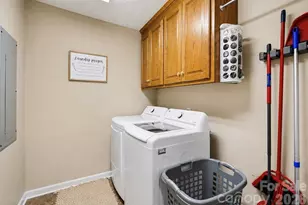 9903 Madres Ct, Concord, NC 28027 - Photo 25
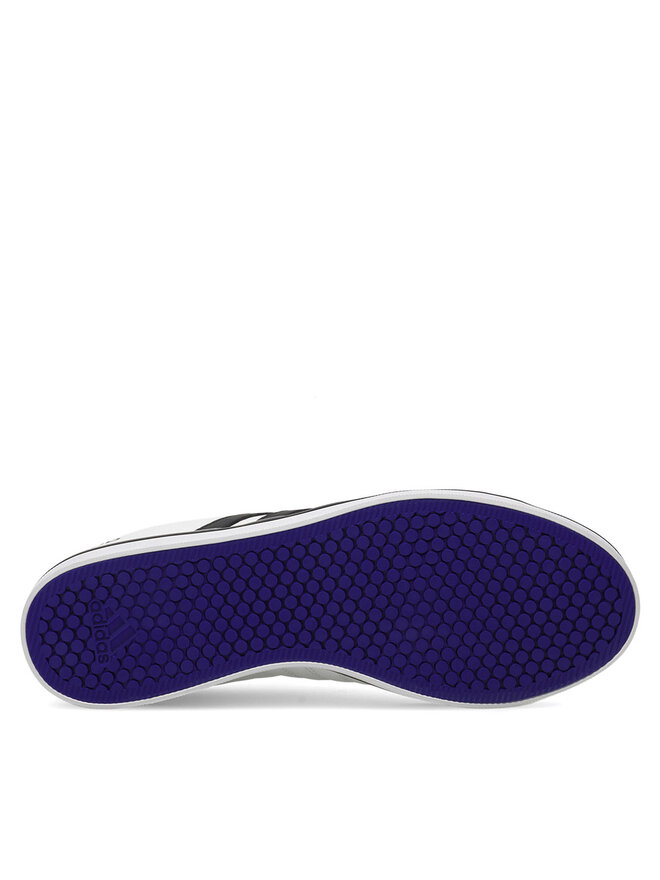 adidas Snīkeri adidas VS PACE 2.0 HP6010 Balts
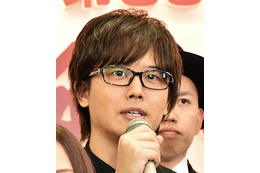 三浦祐太朗、エロ本を母・山口百恵に見つかる!父・三浦友和からも苦情 画像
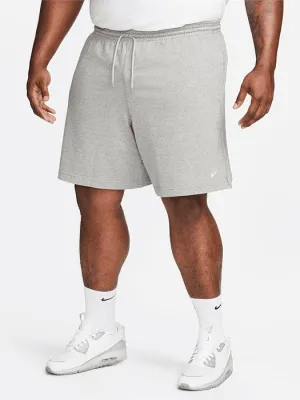 Outdoor Style Club Knit Shorts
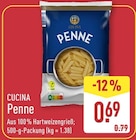 ALDI Nord Schmalstede Prospekt mit  im Angebot für 0,69 €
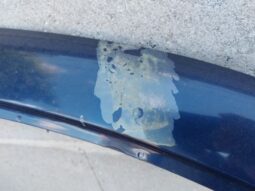 
										SEAT Jobb első Ajtó (Üres lemez) full									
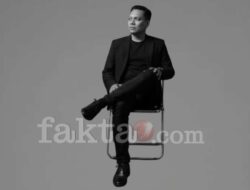 Bupati dan Wakil Pecah Kongsi, Arri Pratama, S.E : Kepala Terbelah Dua, Ekornya bingung Harus Mengikuti yang Mana?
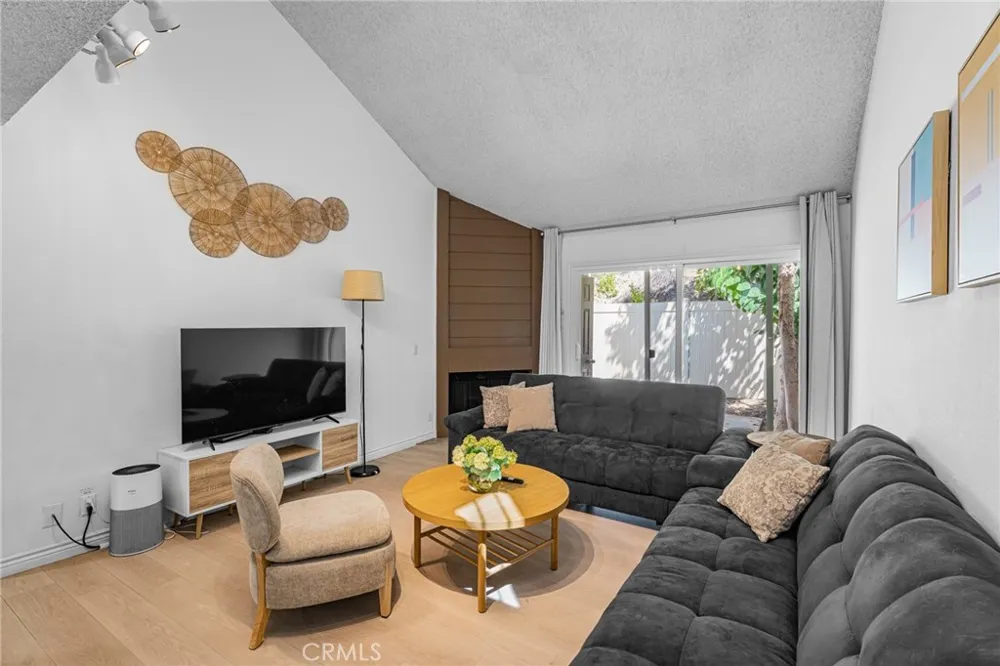 744 S Garfield Monterey Park, CA 91754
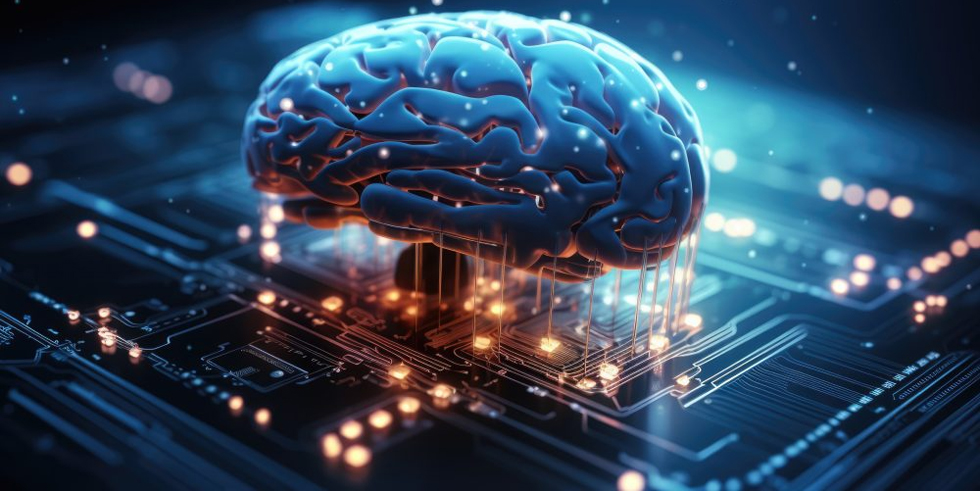AI psychosis is coming to our streets too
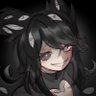 Profilbild von Mirror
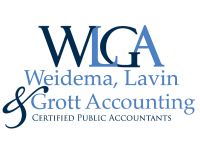 New hampshire society of certified public accountants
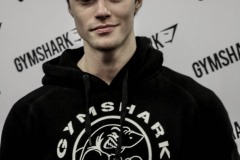 Fibo_2017_unten-6720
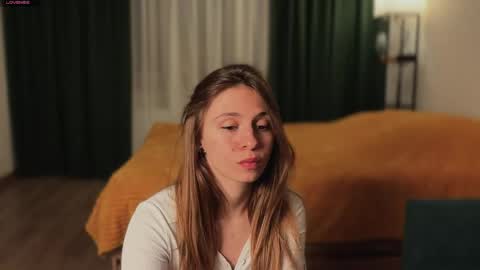 Kate only online show from April 3, 2:57 pm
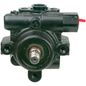 cardone-bomba-de-direccion-hidraulica-sin-deposito-mazda-626-1997-626-l4-2-0l-0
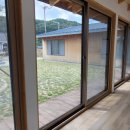 지수관광테마마을 지수남명진취가 이미지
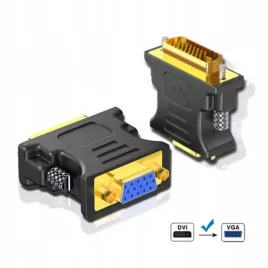 adapter-d-sub-vga-do-dvi-i-przejsciowka-sygnalu-analogowego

* _PROBLEM TO SOLVE_: Starting with the line that contains "SEAT Jobb első", copy every line word for word through the end of the listing above, but leave out the pictures.

* _ANSWER SECTION_:
										SEAT Jobb első Ajtó (Üres lemez) full									
 Bupati dan Wakil Pecah Kongsi, Arri Pratama, S.E : Kepala Terbelah Dua, Ekornya bingung Harus Mengikuti yang Mana?
 744 S Garfield Monterey Park, CA 91754
AI psychosis is coming to our streets too
 Profilbild von Mirror
 New hampshire society of certified public accountants
 Fibo_2017_unten-6720
 Kate only online show from April 3, 2:57 pm
 cardone-bomba-de-direccion-hidraulica-sin-deposito-mazda-626-1997-626-l4-2-0l-0
 지수관광테마마을 지수남명진취가 이미지
 adapter-d-sub-vga-do-dvi-i-przejsciowka-sygnalu-analogowego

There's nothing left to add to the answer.